[EXERCISE DATA]
*** Block opens ***

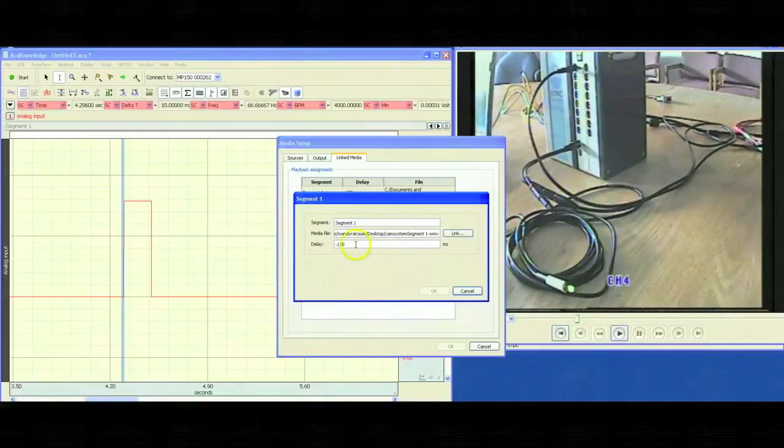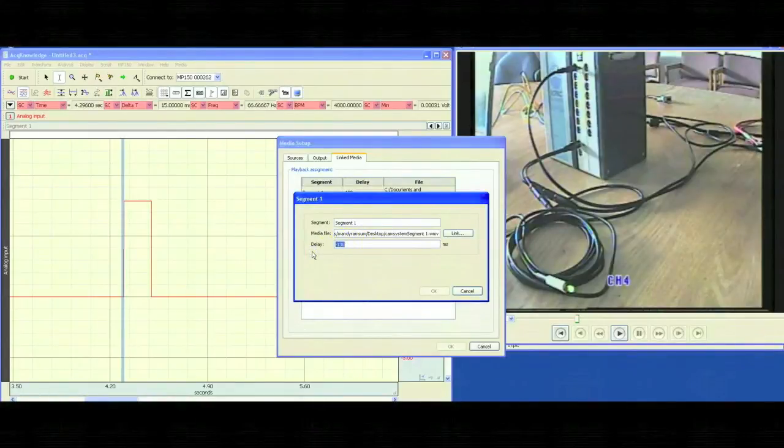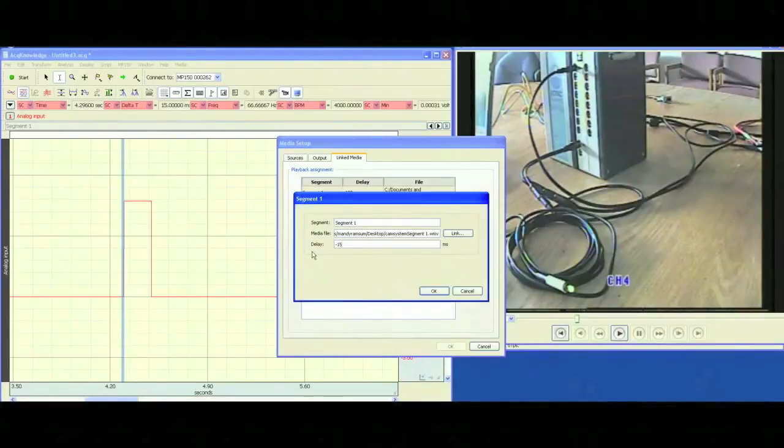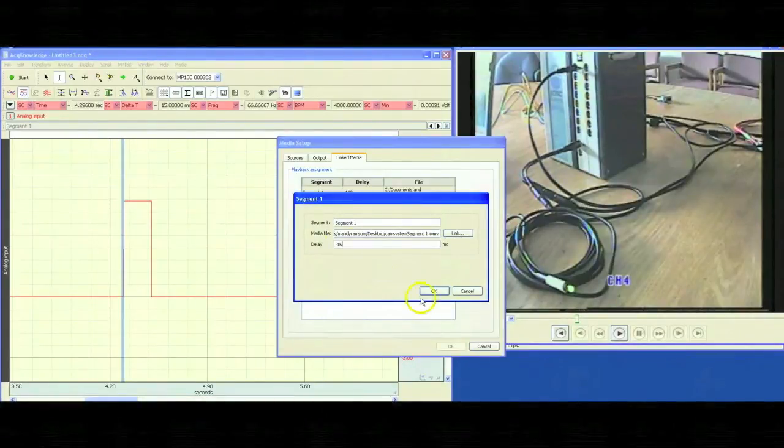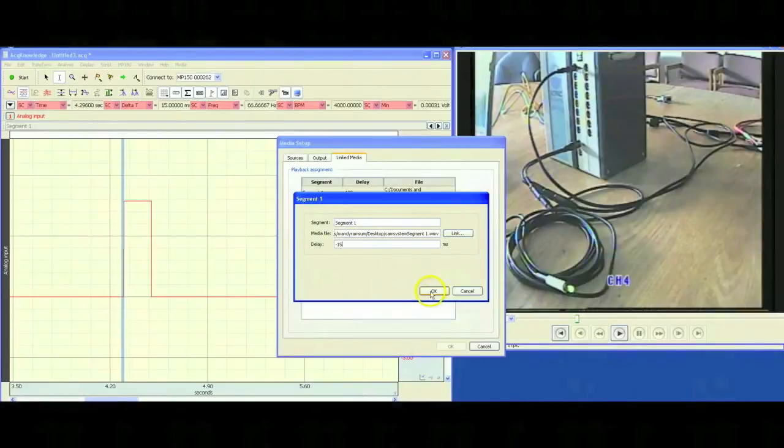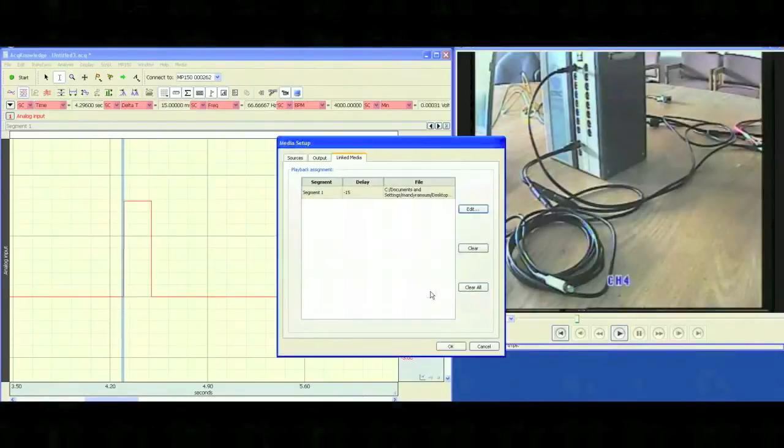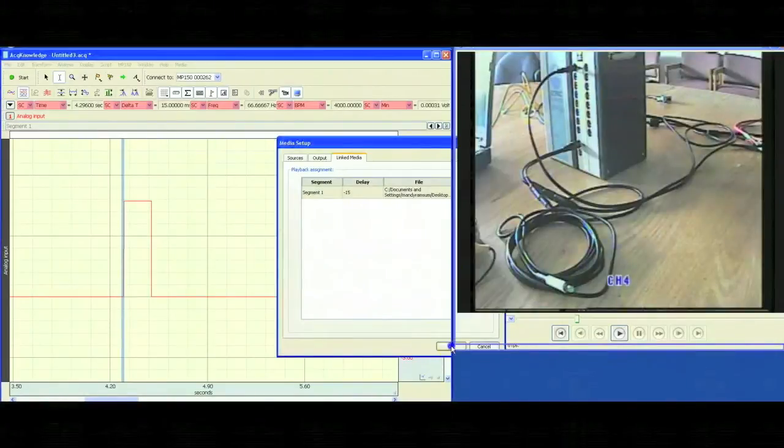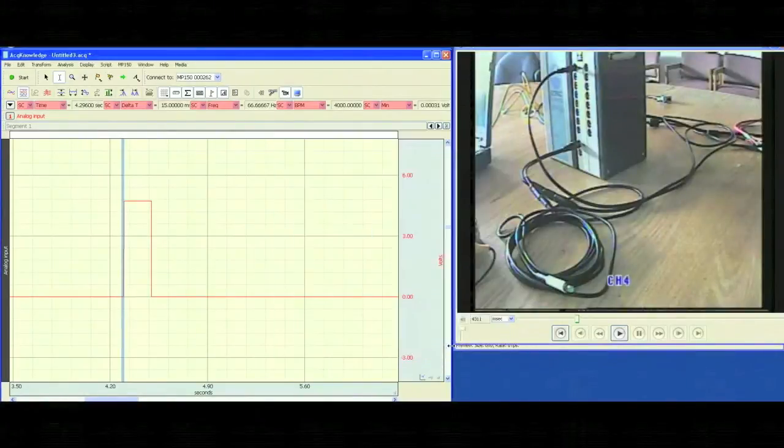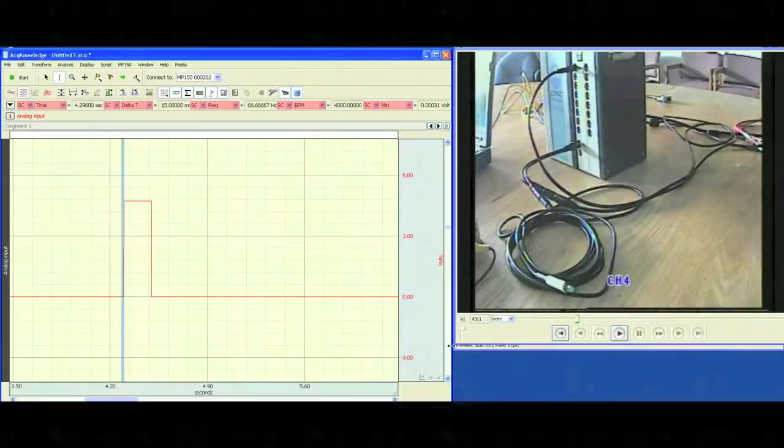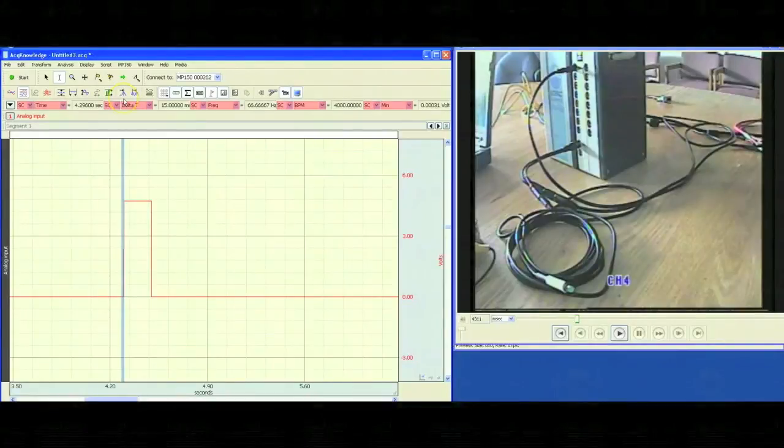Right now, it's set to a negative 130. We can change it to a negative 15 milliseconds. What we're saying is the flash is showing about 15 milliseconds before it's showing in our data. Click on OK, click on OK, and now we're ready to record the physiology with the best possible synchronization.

*** Block closes ***
*** Block opens ***

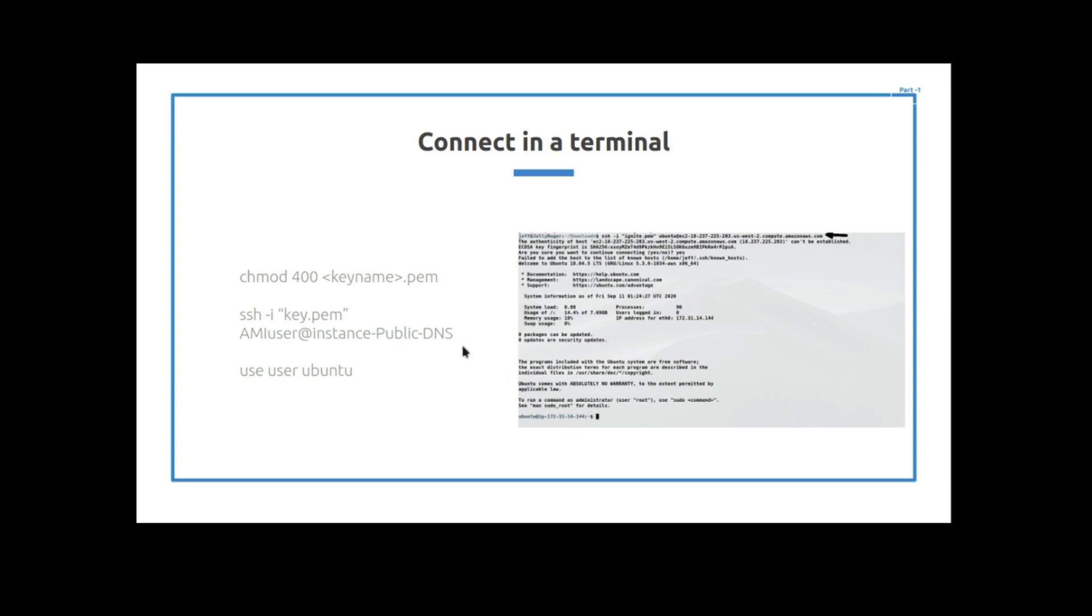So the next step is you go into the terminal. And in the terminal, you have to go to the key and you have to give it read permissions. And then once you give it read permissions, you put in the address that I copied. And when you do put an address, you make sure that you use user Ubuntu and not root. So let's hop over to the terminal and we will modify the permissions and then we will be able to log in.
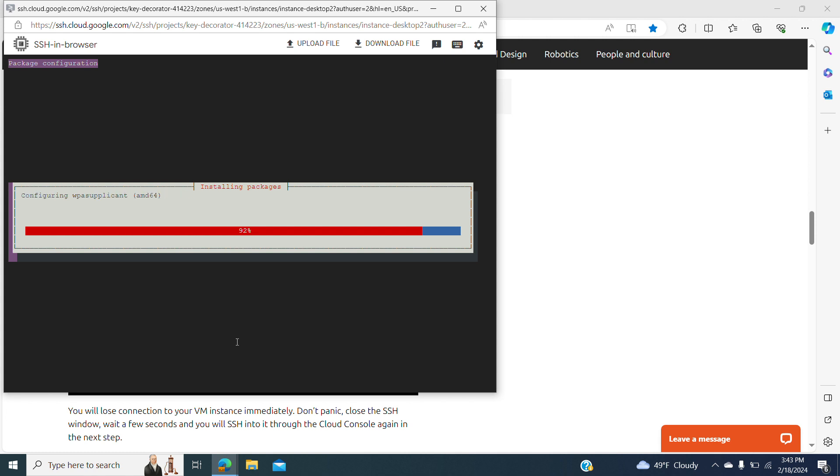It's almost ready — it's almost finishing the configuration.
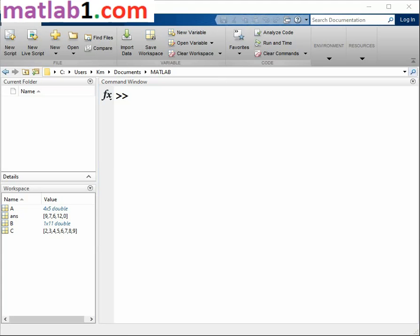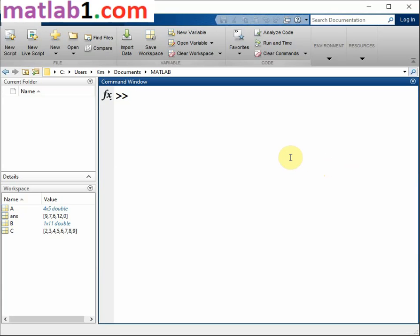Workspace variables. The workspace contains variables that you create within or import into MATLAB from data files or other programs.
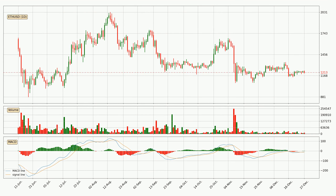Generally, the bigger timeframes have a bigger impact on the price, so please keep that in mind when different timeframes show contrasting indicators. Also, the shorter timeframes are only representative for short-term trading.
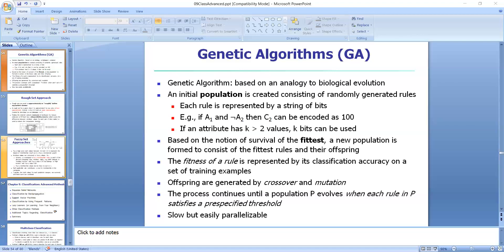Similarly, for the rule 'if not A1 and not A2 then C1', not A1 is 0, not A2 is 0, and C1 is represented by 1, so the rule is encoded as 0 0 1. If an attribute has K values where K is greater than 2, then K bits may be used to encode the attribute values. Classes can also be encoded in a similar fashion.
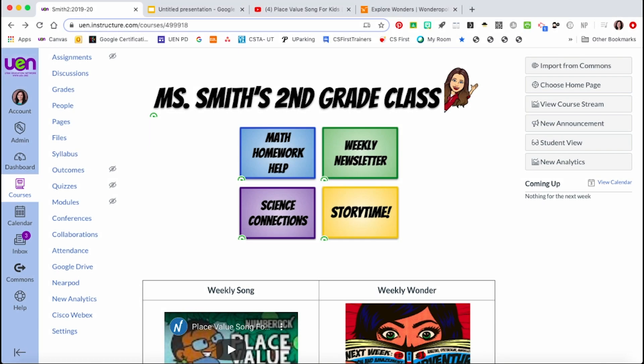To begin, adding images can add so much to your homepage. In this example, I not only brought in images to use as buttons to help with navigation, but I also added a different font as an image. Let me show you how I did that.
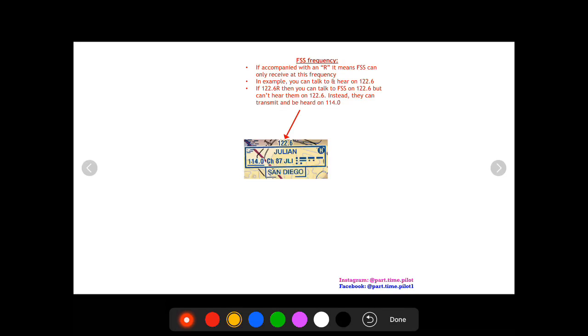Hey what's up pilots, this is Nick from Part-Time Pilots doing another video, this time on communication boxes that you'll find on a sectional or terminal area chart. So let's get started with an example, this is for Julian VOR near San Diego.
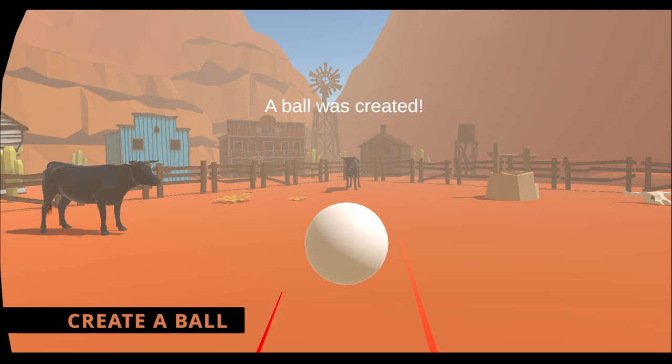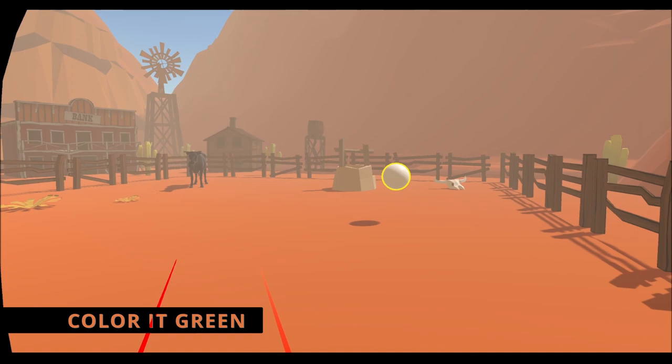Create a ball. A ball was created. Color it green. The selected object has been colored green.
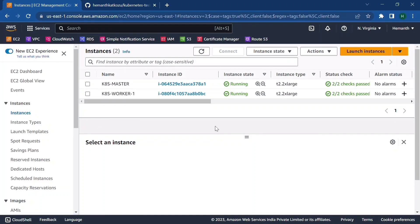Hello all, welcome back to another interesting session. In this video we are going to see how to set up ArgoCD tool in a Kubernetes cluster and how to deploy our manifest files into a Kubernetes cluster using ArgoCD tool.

*** Block closes ***
*** Block opens ***

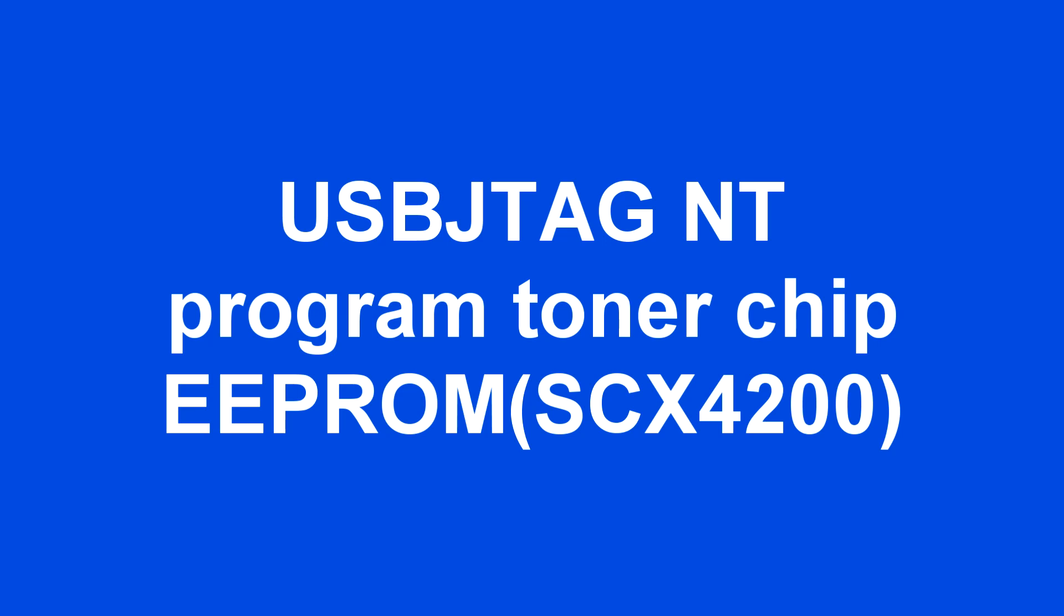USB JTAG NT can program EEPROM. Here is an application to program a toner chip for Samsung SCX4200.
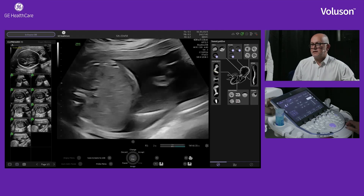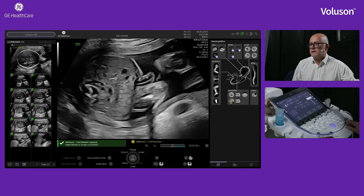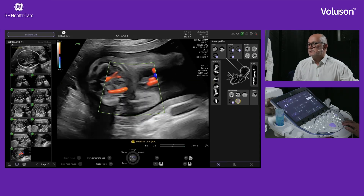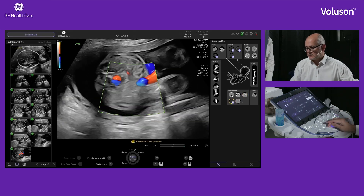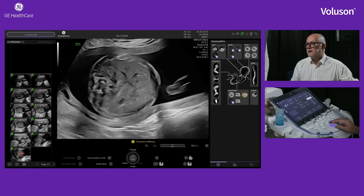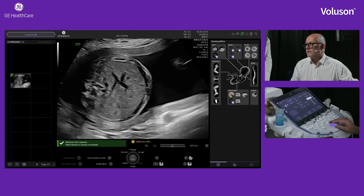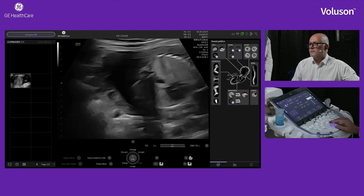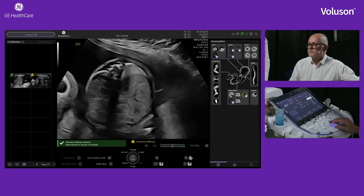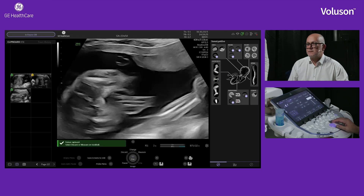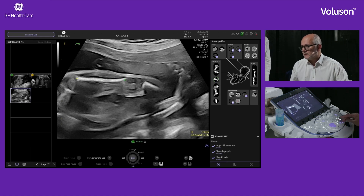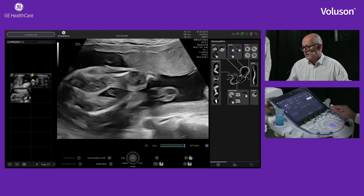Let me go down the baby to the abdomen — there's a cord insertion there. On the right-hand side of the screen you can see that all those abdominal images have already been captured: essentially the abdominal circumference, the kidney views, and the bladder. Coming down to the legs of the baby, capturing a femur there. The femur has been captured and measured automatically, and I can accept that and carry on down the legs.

*** Block closes ***

[WORK TO BE COMPLETED]
When you reach the line with "To begin, adding" in the records above, begin repeating the lines exactly, and stop after the line with "Hey what's up". Skip all pictures.

[ANSWER TO THIS PROBLEM]
To begin, adding images can add so much to your homepage. In this example, I not only brought in images to use as buttons to help with navigation, but I also added a different font as an image. Let me show you how I did that.
Hey what's up pilots, this is Nick from Part-Time Pilots doing another video, this time on communication boxes that you'll find on a sectional or terminal area chart. So let's get started with an example, this is for Julian VOR near San Diego.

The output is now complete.